Adapun dalam pendidikan, negara akan menjamin semua fasilitas pendidikan secara gratis untuk rakyatnya, sehingga tidak perlu lagi memikirkan tingginya biaya pendidikan untuk meraih pekerjaan yang tinggi.

Negara dalam Islam akan menjamin kesejahteraan rakyat dan tidak membebaskan asing mengambil alih kekayaan alam untuk meraih keuntungan. Tidak hanya dalam pekerjaan, negara akan menjamin segala fasilitas yang dibutuhkan rakyat secara gratis, seperti kesehatan, pendidikan dan lain sebagainya.

Negara juga akan memastikan rakyatnya berpendidikan Islam, dengan ditanamkan akidah sehingga mencetak generasi yang bertakwa. Juga mencetak generasi menjadi seseorang yang nemiliki potensi tinggi dan diarahkan untuk kemanfaatan umat.

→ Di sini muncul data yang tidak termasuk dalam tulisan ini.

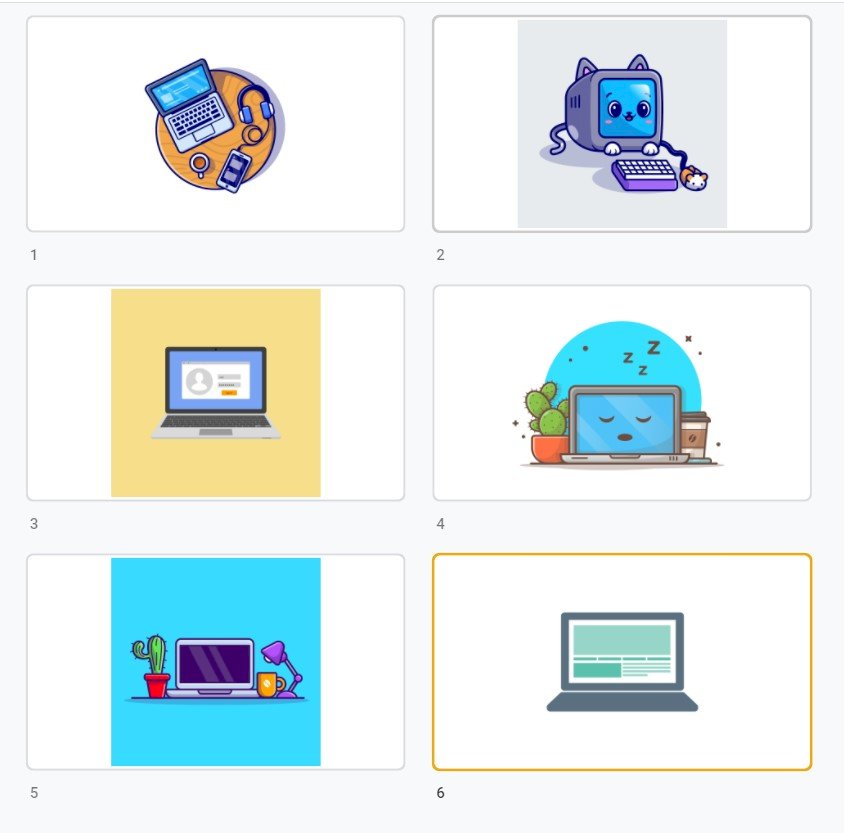 Tải mẫu icon máy tính đẹp, chất, độc đáo file vector AI, EPS, PSD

Selain itu, generasi yang berpendidikan Islam akan mampu menghasilkan peradaban mulia.

Salah satu contohnya seperti Ibnu Sina yang berhasil menemukan ilmu kedokteran, hingga ilmunya dipakai sampai saat ini. Terbukti generasi dalam Islam mampu menjadi generasi hebat yang bermanfaat, yang tidak hanya bagi dirinya tapi juga bagi orang lain. Maka, untuk mewujudkan kesejahteraan, perlu diterapkannya sistem Islam, di mana hukum dan aturan yang dipakai oleh manusia hanya berasal dari Al Quran dan As Sunnah.